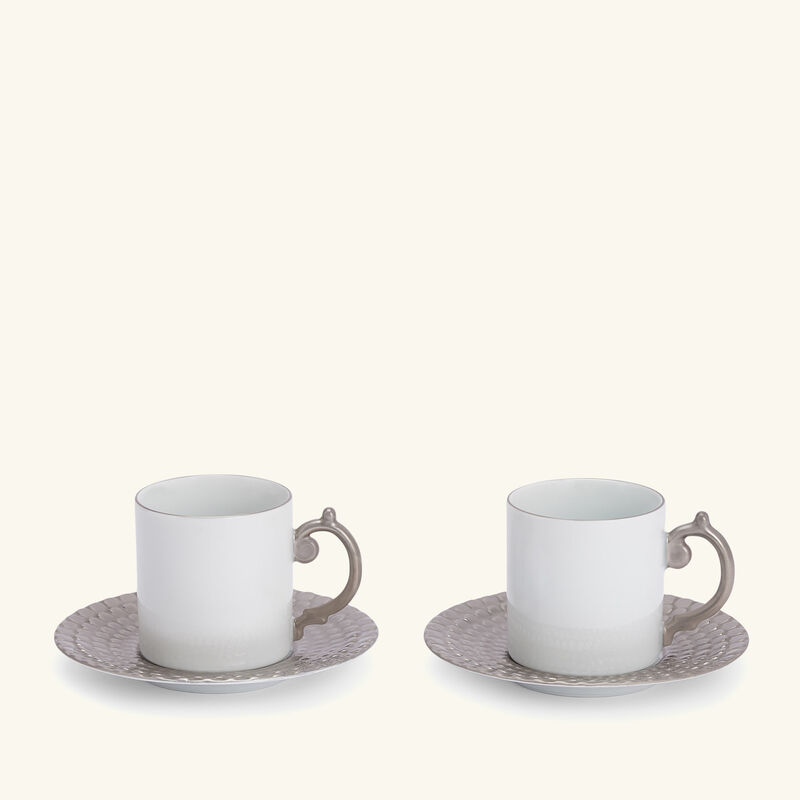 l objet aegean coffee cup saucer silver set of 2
* * *
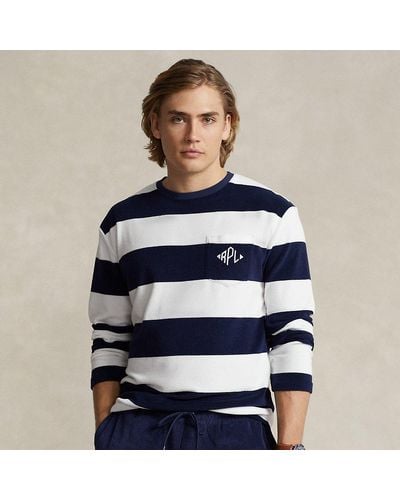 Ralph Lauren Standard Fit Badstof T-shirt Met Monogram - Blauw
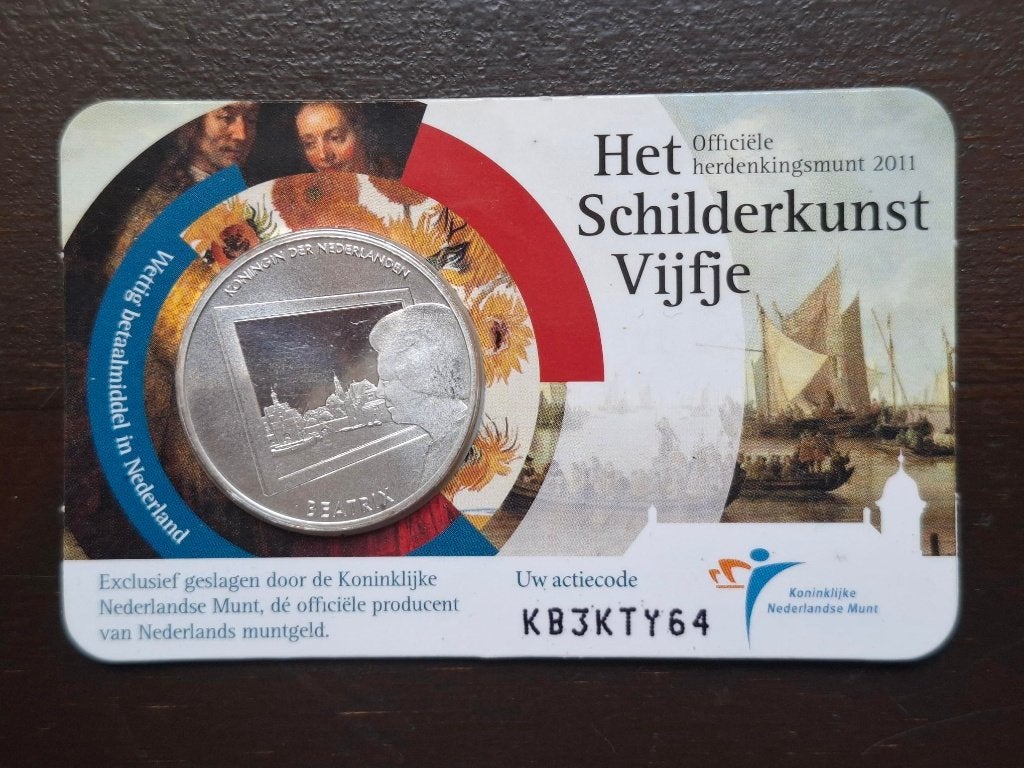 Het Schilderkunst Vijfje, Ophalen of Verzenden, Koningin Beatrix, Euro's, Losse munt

**Task to complete:**
In the listing above, find the line containing "Ralph Lauren Standard" and the line containing "Het Schilderkunst Vijfje, Ophalen"; print those lines and every line between them exactly, leaving out pictures.

**Exercise response:**
 Ralph Lauren Standard Fit Badstof T-shirt Met Monogram - Blauw
 Het Schilderkunst Vijfje, Ophalen of Verzenden, Koningin Beatrix, Euro's, Losse munt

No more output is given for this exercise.